Friday, May 6, 2011

Counting Sheep

In my new position as President I never know where the day will take me. This morning I was working on an exhibition for the summer of 2012 on the subject of American Impressionism when I was called away to The Farmers' Museum (our sister institution of which I am also President) to watch young oxen being trained. On my way to the farmyard I noticed a co-worker hovering near the sheep's pen.

When I walked over to see what she was looking at, I saw a sheep with her brand new baby lamb. Naturally, I took out my iPhone and snapped the first picture of this new addition to the museum staff. Within the hour a second lamb was born, much to the delight of the families that happened to be nearby.

Any time something like this happens I am reminded of the original vision of the two museums here in Cooperstown -- The Farmers' Museum and the Fenimore Art Museum -- and how much they were always meant to complement each other. Folk art and paintings of everyday life at the Fenimore, living history and real animals at the Farm. This time was no exception.

When I saw the new-born lamb I thought immediately of the painting we have tucked away in storage, depicting a Cotswold ram at the Van Wagenen farm in Lawyersville, New York in the 1860s. It was painted by Thomas Kirby Van Zandt, and the note in our files indicate that the original owner thought it was a remarkable likeness of an animal known for its personality. Now we have another living example of an ongoing livestock tradition in upstate New York to give this artwork meaning and immediacy.

There's even another connection: Jared Van Wagenen, Jr., whose father owned the ram in the painting, wrote the classic book 'The Golden Age of Homespun" for us back in the 1950s. His descriptions of the era depicted in the painting, and recreated at The Farmers' Museum, have enthralled generations of readers. But even he would admit that you can't beat the real thing.

Wednesday, May 4, 2011

The Eyes Have It

On my recent trip to Dallas to attend the opening of the Fenimore Art Museum's Thaw Collection of American Indian Art at the Dallas Museum of Art, I came across this curious painting at the Amon Carter Museum in Fort Worth. It struck me as another fine example of an itinerant folk artist's penchant for depicting sitters as they were, rather than as an idealized version of themselves.

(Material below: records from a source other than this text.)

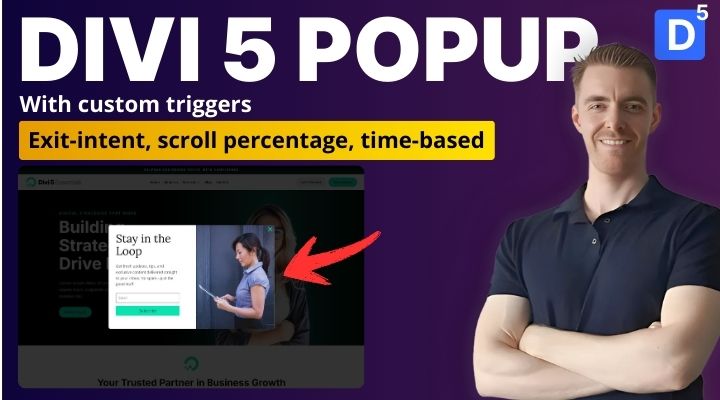 Divi 5 popup in canvases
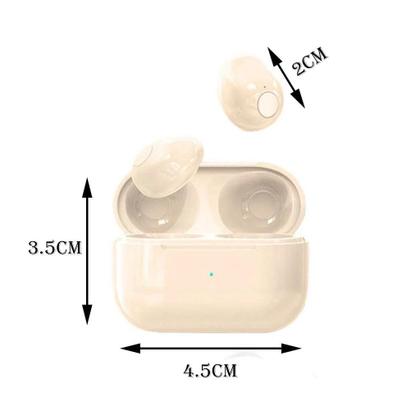 Imagem de Fone De Ouvido Sem Fio Bluetooth Pro 4s+ Com Microfone Mini Quase Invisivel Cancelamento de Ruido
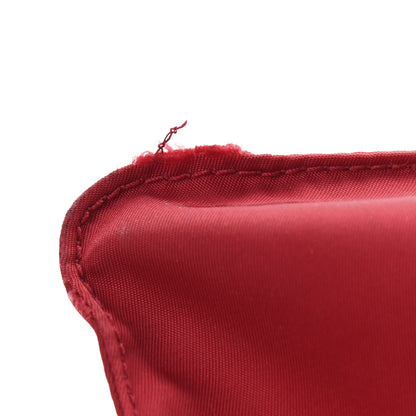 Prada Nylon Flat Messenger Bag Cherry 11 of 13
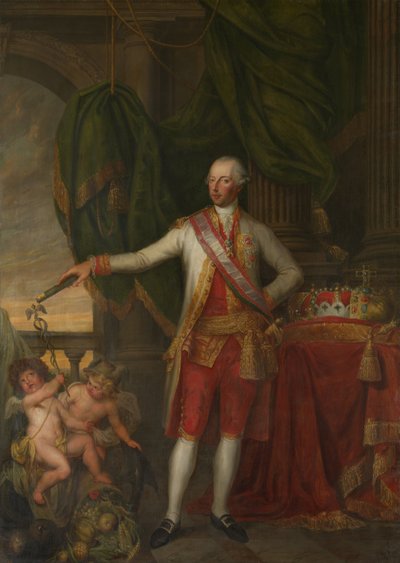 صورة للإمبراطور جوزيف الثاني 1741-1790 ، النصف الثاني من القرن الثامن عشر. بواسطة جيرترود كورنيلي ماري دي بيليشي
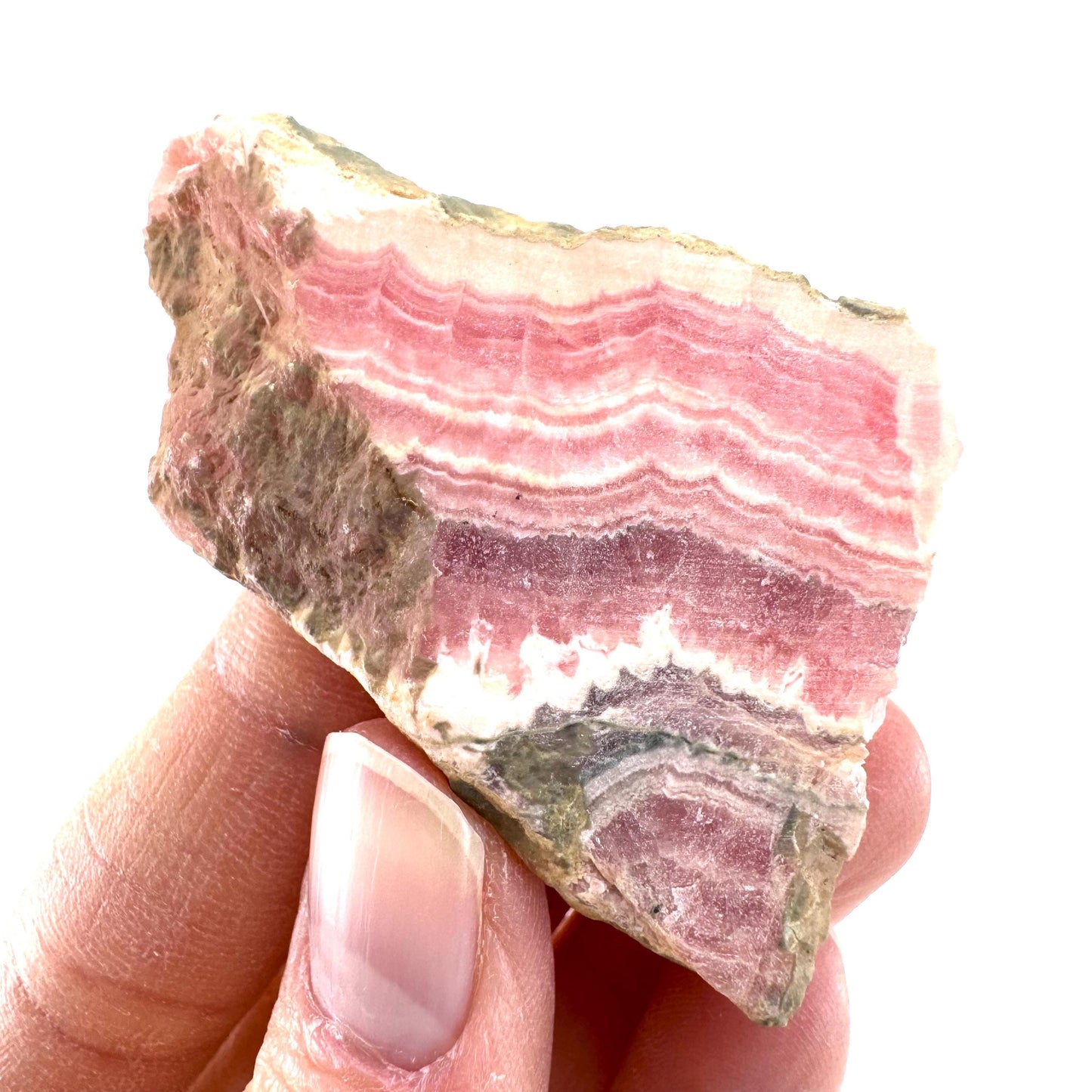 Polished Rhodochrosite (Argentina) | rhodochrosite crystal, rare mineral specimen
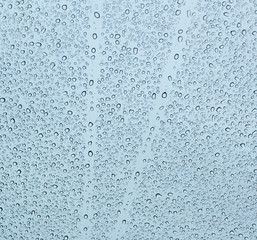 water drops on glass as background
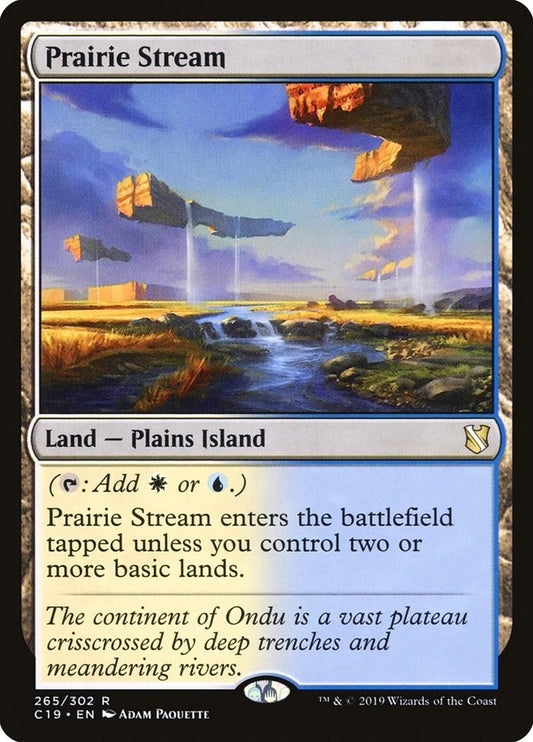 Image for Prairie Stream (265) (Commander 2019) - Magic: The Gathering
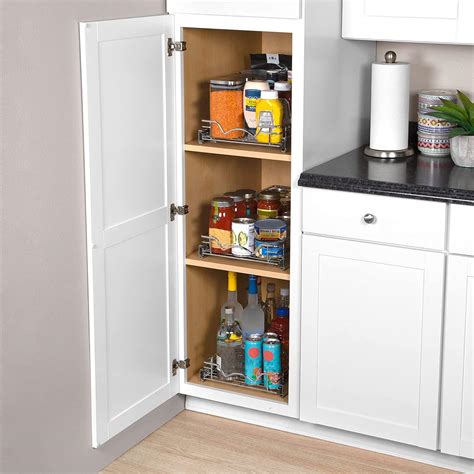 Buy Pull Out Drawer Cabinet Organizer - Heavy Duty Slide Out Kitchen ...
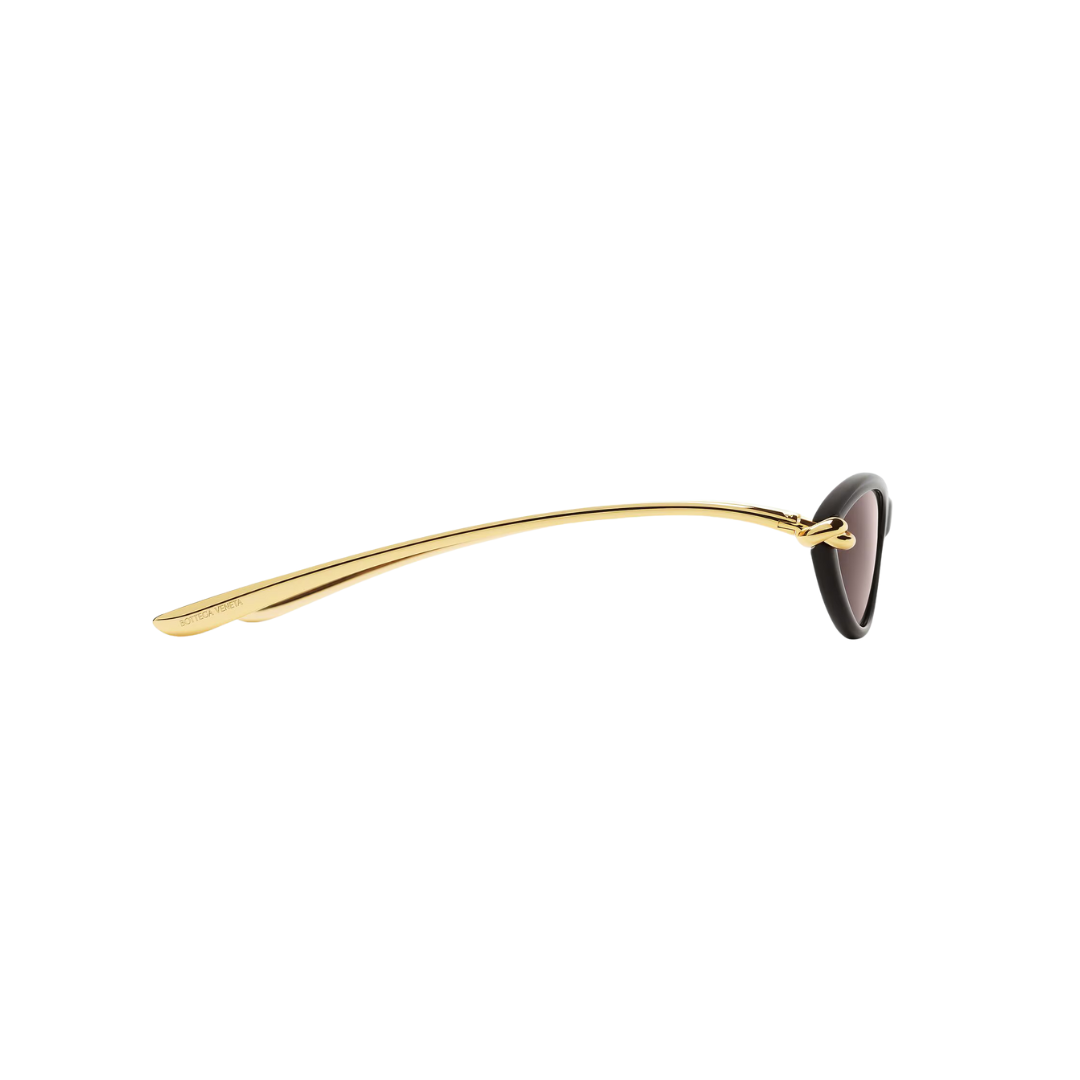 occhiali cat eye Bottega Veneta, BV1390S Knot, occhiali neri oro Bottega, occhiali donna Bottega Veneta, occhiali lenti cut-out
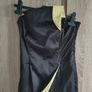 inspired by Angelina Jolie style dress size small strapless black yellow Image 7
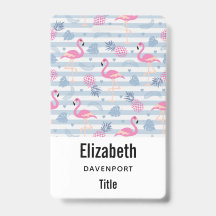 フラミンゴお洒落とパイナップルパターン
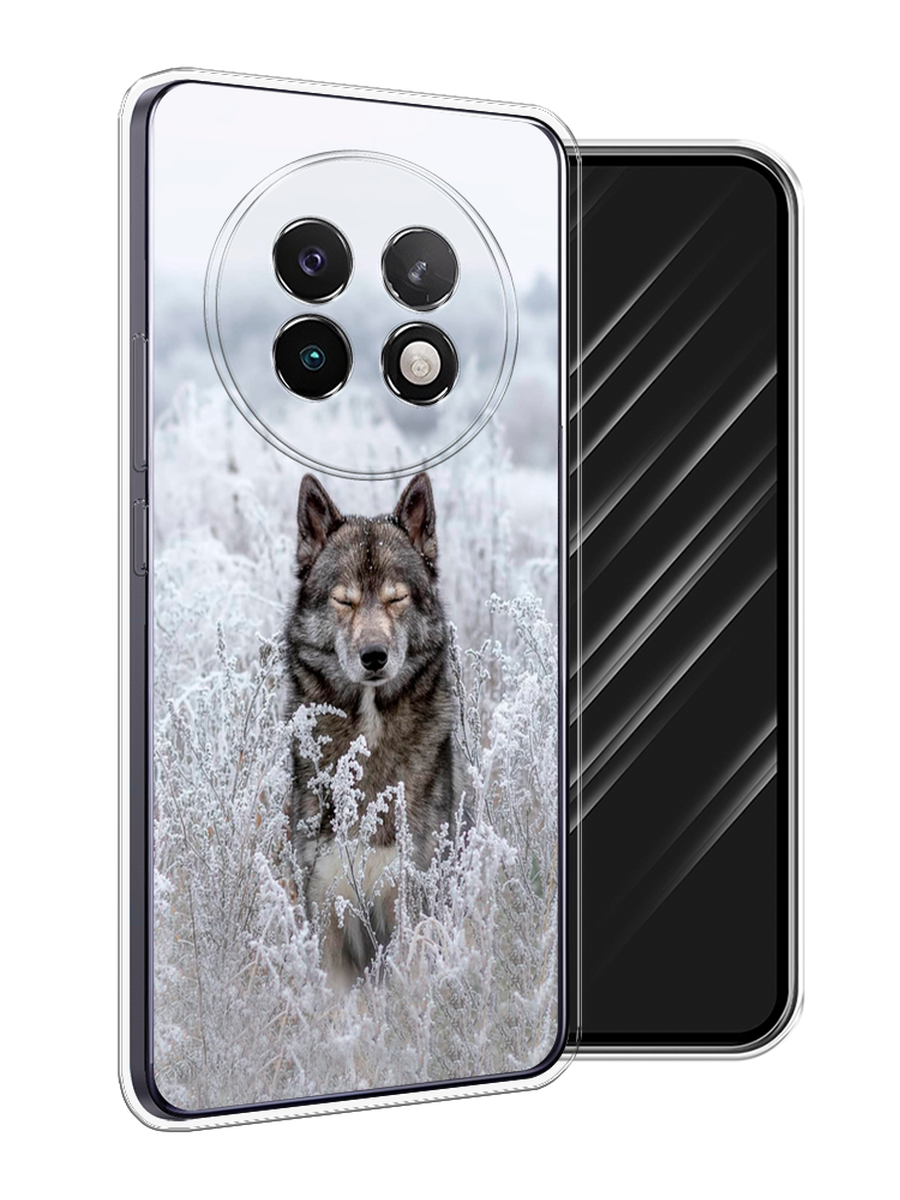 

Чехол Awog на Realme 13+ "Волк в поле", Белый;черный, 2518750-1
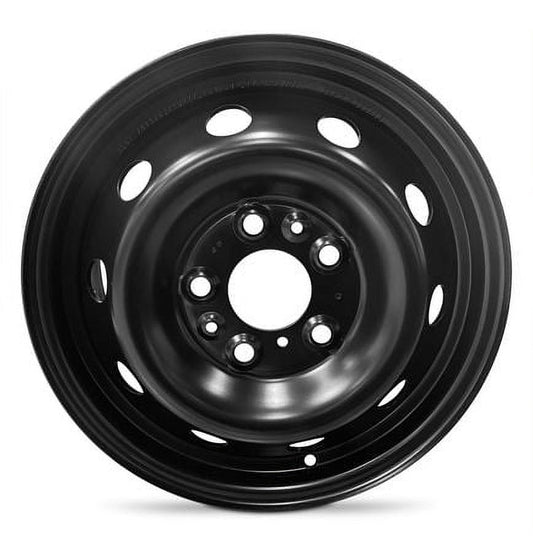 Wheel Rim for 2014-2019 Dodge Promaster 1500 16x6 in Painted Black Steel Rim Direct Fit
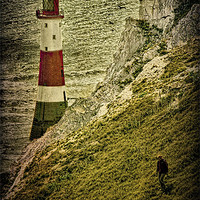 Buy canvas prints of On Beachy Head by Chris Lord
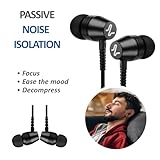 Ludos OMNITONE Wired Earbuds in-Ear Headphones, Earphones with Microphone, 5 Years Warranty, Noise Isolation Corded for 3.5mm Jack Ear Buds for iPhone, iPad, Samsung, Computer, Laptop, Gaming, Sports - Image 5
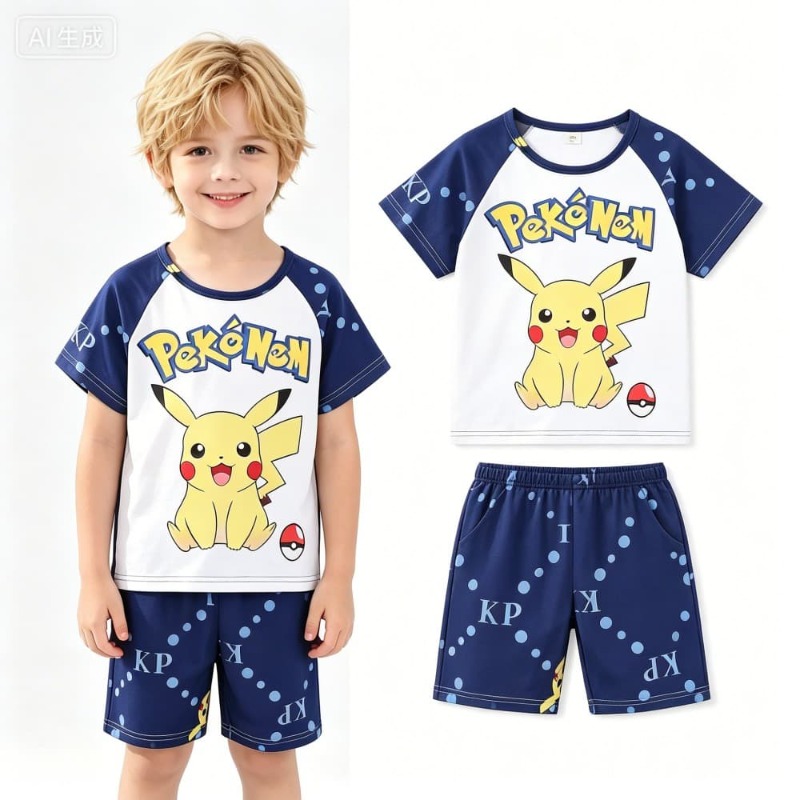 Matching Outfits Pokemon Pikac - Summer Clothing For Baby Boy avis et prix
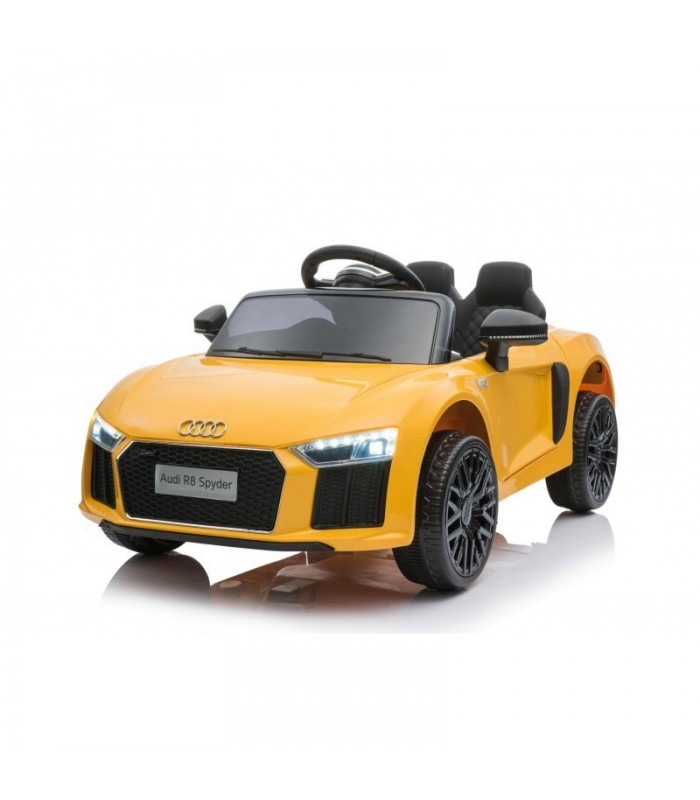 Audi r8 small electrique enfant jaune sous licence d'origine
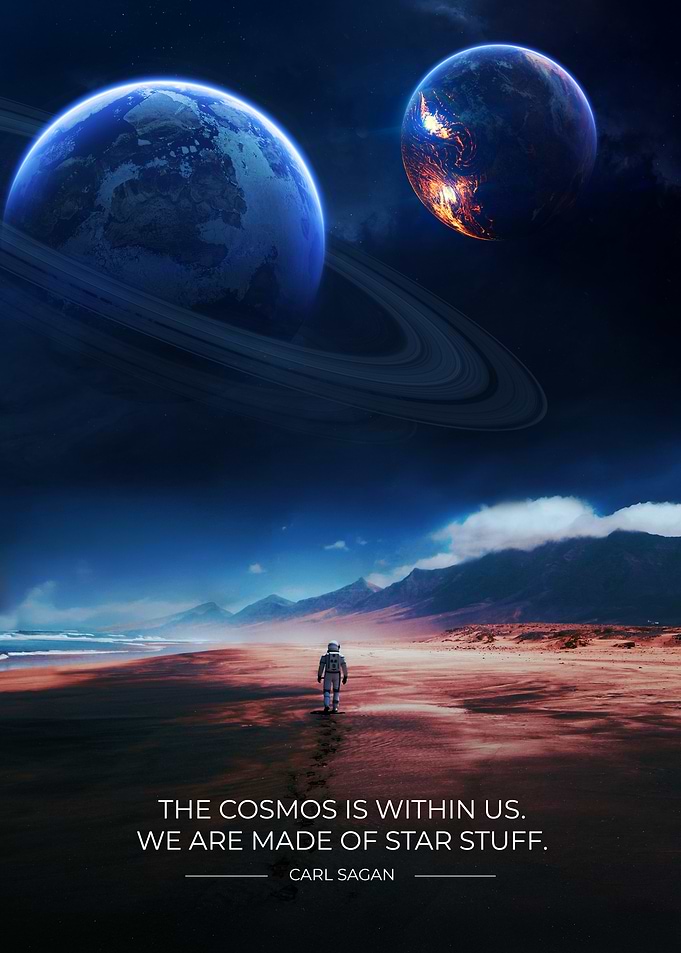 Astronaut on an alien planet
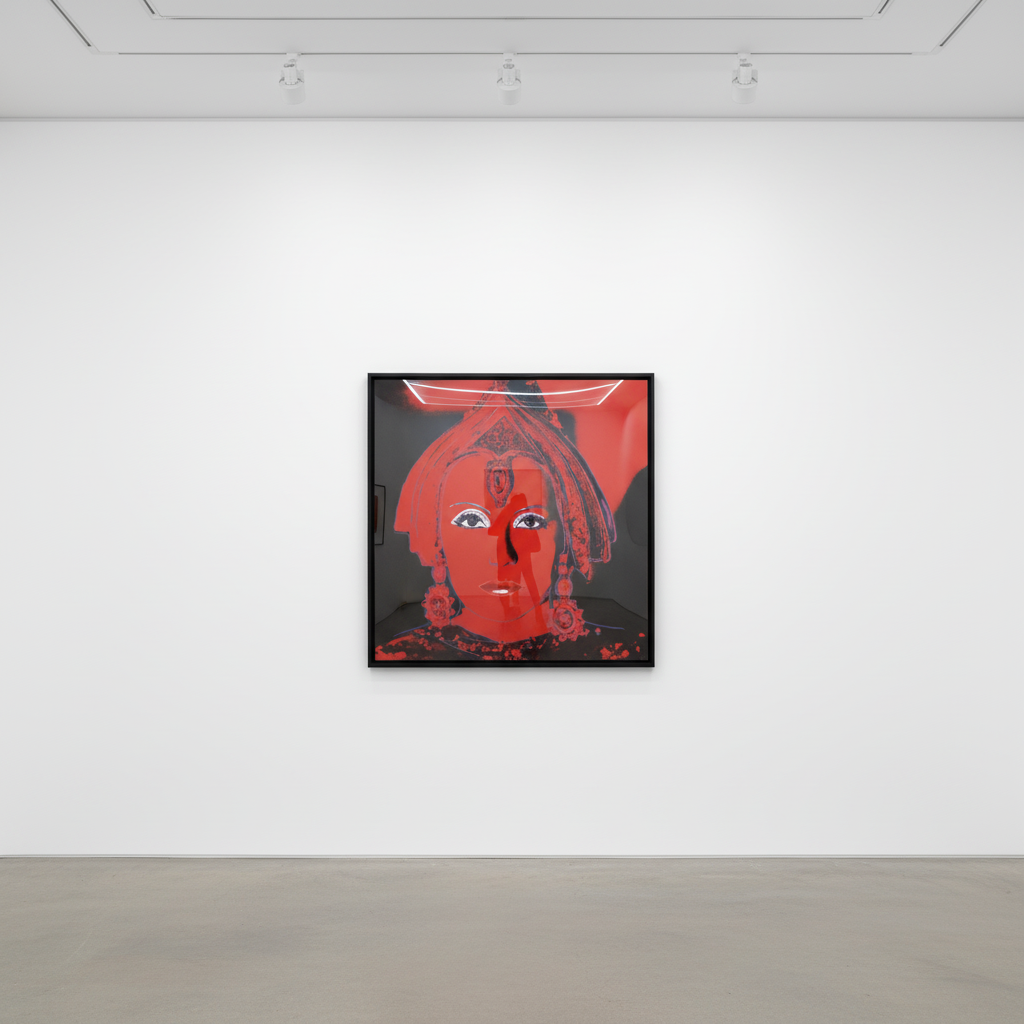 Andy Warhol - The Star F.S. II 258, from Myths, 1981, Screen print with diamond dust on Lenox Museum Board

Ammi Phillips was a prolific painter in the valleys and towns of eastern New York State and western New England in the first half of the nineteenth century. He is well known for employing stock poses in order to speed up production of his portraits. But he did so with such fluid and graceful brushwork that the paintings are elegant and refined even in their sameness. And his sitters didn't seem to mind that they looked like so many others' portraits that they must have seen in their villages.

Yet despite this sameness, Phillips often captured something unique to each sitter. In this case, it was an obvious crossed eye. This young girl and her parents must not have seen this condition as a major flaw, for by all indications they accepted this finished portrait and it descended in the girl's family.

It's entirely possible that some might look at this painting, not having seen Phillips' work before, and attribute the crossed eye to a lack of painting skill. That view is problematic for many reasons, chief among them is this: the cat's eyes are perfect.